Fca, la spinta di Alfa e Maserati Marchionne lavora al nuovo piano
L’utile triplica a 1,15 miliardi. Il capoazienda: i tempi della mia uscita non cambiano
Gli utili volano, oltre le attese. La «strategia premium» che sta alla base del piano industriale 2014-2018 è una scommessa vinta, sin qui almeno, e visti gli exploit dei Suv Maserati e Alfa niente fa pensare che Fca non centrerà il traguardo fissato per la fine del prossimo anno. Il dettaglio è che Sergio Marchionne sta già preparando anche il «dopo». «Dopo» il piano in corso. «Dopo», soprattutto, che lui avrà lasciato — con l’assemblea di maggio 2019, ha ribadito ieri — per trasferirsi in Ferrari, mantenendo a quel punto con Fca un unico, indiretto legame: il ruolo nel board della controllante Exor.
Non ci sarebbe, in teoria, niente di strano. La velocità di cambiamento del mondo dell’auto richiede capacità di visione a lungo termine e insieme massima flessibilità, ma non fa sconti sui tempi non certo brevi degli investimenti. Dunque ieri, nella conference call in cui Marchionne ha presentato i risultati di un secondo trimestre record a tutti i livelli di profitto (a partire dall’utile netto, più che triplicato: 1,155 miliardi contro i 321 milioni di aprile-giugno 2016), nessuno si sarebbe stupito di sentire l’amministratore delegato preannunciare già adesso il piano industriale al 2022. Quello che, se è rimasta invariata la road map del suo passaggio a Maranello, non sarà evidentemente lui a completare. Lo avvierà, però, se è vero che il relativo Investor Day sarà in agenda non in autunno, come tutti si aspetterebbero, ma già «nel primo semestre» 2018.
È un anticipo tanto ampio da far correre tra gli analisti un bel po’ di domande. Marchionne li previene: questo «non cambia i tempi della mia uscita», se il nuovo piano quinquennale verrà presentato prima è solo perché «rappresenta un momento di coesione», alla successione «lavoriamo da anni e non sono preoccupato, avremo la persona giusta e verrà dall’interno». Morale: «Certo, se spuntasse una questione importante (tipo la fusione, ndr) sarebbe inevitabile rimanere», altrimenti «non sarò qui a presentare i conti del 2019».

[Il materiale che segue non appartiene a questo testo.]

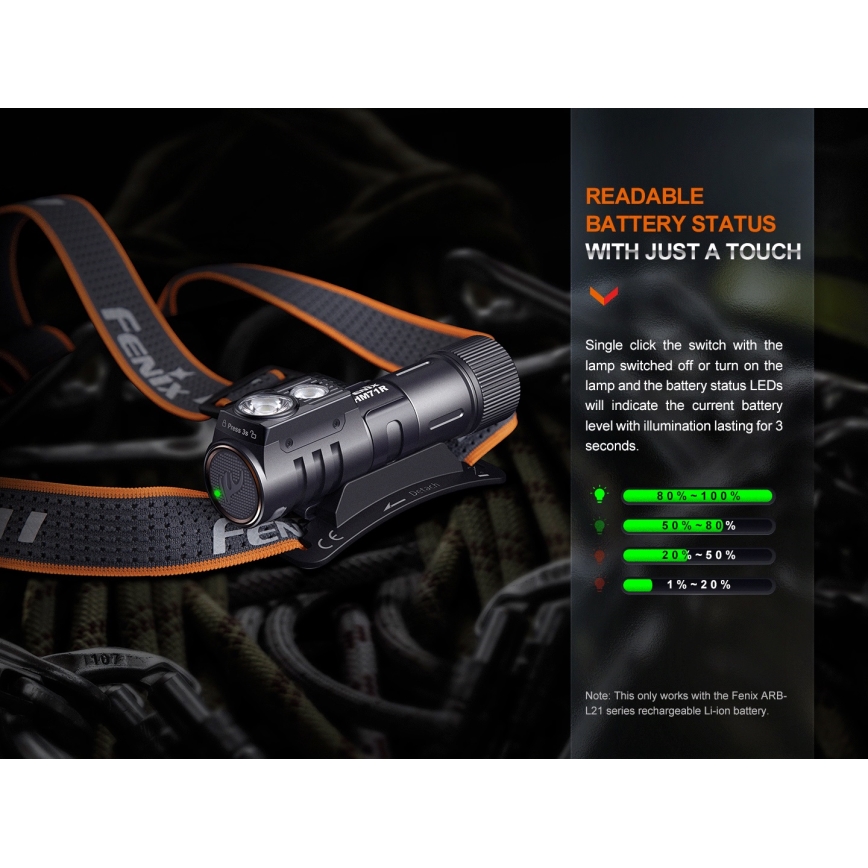 Fenix HM71R - Επαναφορτιζόμενος φακός κεφαλής LED LED/USB IP68 2700 γυαλιστερό 400 h 5000 mAh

Già. Ma quelli del 2018, di conti? E all’Investor Day, tra meno di un anno, illustrerà solo il piano o introdurrà anche chi lo dovrà poi realizzare? Inutile insistere, adesso. Anche perché, comunque, c’è il trend di marcia di Fca a parlare ancora pro-Marchionne (il quale, più tardi commenterà definendosi «disgustato» dalla notizia che un ex dirigente americano di Fca è accusato di appropriazione indebita di fondi del gruppo, usati per se stesso e per regali o «versamenti impropri ad alti funzionari del sindacato Uaw). Ad altri dubbi, quelli che quattro anni fa mettevano in discussione la capacità di Fiat Chrysler di trasformarsi in produttore premium, risponde l’andamento dei conti 2017. Il secondo trimestre chiude con ricavi sostanzialmente invariati (27,9 miliardi, e 55,6 sul semestre), ma con miglioramenti record della redditività: l’utile netto più che triplicato (e più che raddoppiato sul semestre, da 799 milioni a 1,8 miliardi), margini di gruppo saliti in media del 6,7%, tutti i settori in crescita con un vero e proprio boom per Maserati.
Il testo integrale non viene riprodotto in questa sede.